Em relatório, a PF tinha afirmado que não havia como descartar a possibilidade de envolvimento de passageiros com prerrogativa de foro nos crimes investigados.

O próprio Ministério Público havia pedido para que o processo ficasse com o Supremo. “O Ministério Público, acompanhando relatório parcial da autoridade policial, requereu o declínio de competência em favor do Supremo Tribunal Federal para apreciação de competência por identificação de pessoas com prerrogativa de foro”, diz decisão de 18 de março.

O caso tramita em sigilo no STF. A manifestação da PGR havia sido demandada por Moraes em até cinco dias em despacho em 24 de abril. O órgão respondeu apenas nesta quarta (20), quase um mês depois.

Segundo a investigação, revelada pela Folha no fim de abril, os volumes não passaram pelo raio-X ao chegar a São Paulo, quando um auditor fiscal autorizou que fossem liberadas sem inspeção. O inquérito apura os possíveis delitos de facilitação de contrabando ou descaminho e prevaricação.

O episódio ocorreu no retorno de uma viagem à ilha caribenha de São Martinho em um avião particular do empresário piauiense Fernando Oliveira Lima, conhecido como Fernandin OIG, dono de empresas de apostas online que disponibilizam jogos como o Fortune Tiger –popularmente conhecido como “jogo do tigrinho”. Ele foi alvo da CPI (Comissão Parlamentar de Inquérito) das Bets.

Além de Motta e Ciro Nogueira, estavam na aeronave os deputados Doutor Luizinho (PP-RJ) e Isnaldo Bulhões (MDB-AL), ambos líderes de seus partidos na Câmara. Ao todo, o voo tinha 16 passageiros.

A ilha onde estavam é considerada paraíso fiscal pela Receita Federal. O local também é conhecido como a Las Vegas do Caribe devido a atrações noturnas, como cassinos.

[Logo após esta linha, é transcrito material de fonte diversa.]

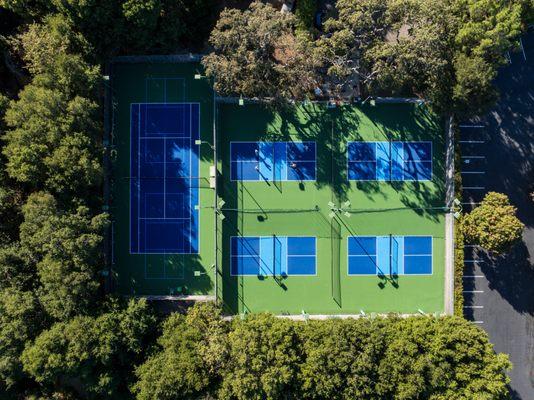 Pickleball complex and adjacent hybrid court.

Relatório da PF afirma que o auditor fiscal Marco Antônio Canella permitiu que o piloto José Jorge de Oliveira Júnior, comandante do voo e funcionário da empresa de Fernandin OIG, passasse com os volumes por fora do raio-X, no Aeroporto Executivo Internacional Catarina, em São Roque (SP), na região metropolitana de Sorocaba, por volta das 21h de 20 de abril de 2025.

O documento da Polícia Federal afirma que apenas o piloto passou pelo lado de fora do equipamento com malas não fiscalizadas e que “não é possível afirmar categoricamente a quem os volumes pertencem ou seu conteúdo”.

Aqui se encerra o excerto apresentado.